The following Fall, the First Annual Marietta International Film Festival opened as a one-day festival, screening 22 films from across the United States as well as films from Canada, Syria, Australia and Columbia.
In 2016, the festival entered a partnership with the international filmmaking competition Film Racing, adding the top 15 finalist films from Film Racing to the festival’s lineup and doubling the length of the festival to two days. That year, the festival screened 54 Domestic Films and 17 International International Films,
In 2017, the Festival began hosting monthly Indie Film Nights at the Strand, providing an avenue for local filmmakers to screen their films on the big screen - for many of them, the only time that might happen.
In the first four years, the festival screened a total of 187 Films from across the United States and 26 other countries around the world (Australia, Bangladesh, Brazil, Bulgaria, Canada, Columbia, Egypt, England, Germany, Greece, India, Iran, Italy, Japan, Kenya, Kurdistan, Nepal, Russia, Serbia, South Korea, Spain, Sweden, Syria, Turkey and Uruguay),
2018 saw our first film by an A-List Hollywood actor, when Shia Lebeouf submitted and screened his short film #takemeanywhere.

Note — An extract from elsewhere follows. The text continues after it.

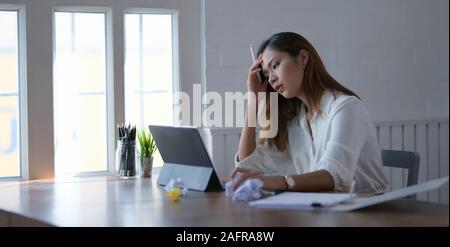 Tired beautiful asian business woman working with headache in modern office room Stock Photo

In 2019, the festival again grew and rebranded after being approached by the Cobb County Commissions and Cobb Travel & Tourism to rebrand and rename the festival the COBB INTERNATIONAL FILM FESTIVAL.. The Festival was renamed and increased to four days, to allow more films plus the addition of Workshops and Panels for festival attendees. This expansion also saw an increase in the number of submissions and level of submissions, with many films from Emmy-Award winning filmmakers, starring multiple Emmy-Award winning actors plus a documentary film that had already won an Emmy Award before being submitted to the festival.